One critic writes, "It is not accidental, that Ractliffe has chosen photography as the medium most suited to her thematics. Photography occupies a beautifully, maddeningly awkward space between otherness and the real, between art and documentary journalism".

In her own words Ractliffe states, "What interests me are things that are ephemeral - desire, loss, longing - and their relationship to photography. I am also curious about what we don't expect from photographs, what they leave out, their silence and the spaces they occupy between 'reality' and 'desire'. I try to work in an area between the things we know and things we don't know; what sits outside the frame. I am interested in exploring these oblique and furtive 'spaces of betweenness', and in how they figure in producing meaning in a mode of representation that seems so often predicated on specificity and transparency. Photography is quite a resistant and unforgiving medium."
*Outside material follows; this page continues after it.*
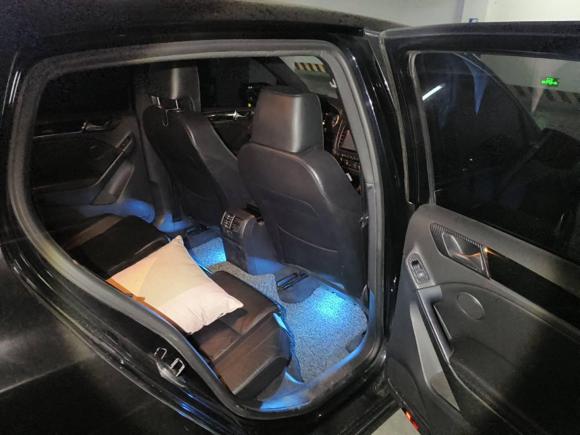 [宁波·浙B] 二手大众高尔夫GTI2010款 2.0TSI GTI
Most of Ractliffe’s photographs are shot in black and white. She seems to have re-occurring themes of depth in her photos. Many have a distinct fore, middle, and background aspect to them. They are very documentary in approach, and show the gritty nature of South Africa and Johannesburg and its people. In her photographs that feature people as the subjects, they seem to be somewhat set up, yet maintain the surprise of a chance juxtaposition. What I mean by this is that Ractliffe is able to draw an expression of personality from the people she photographs. It seems genuine, and not set up. She is very talented at pulling the true story from the environment she photographs.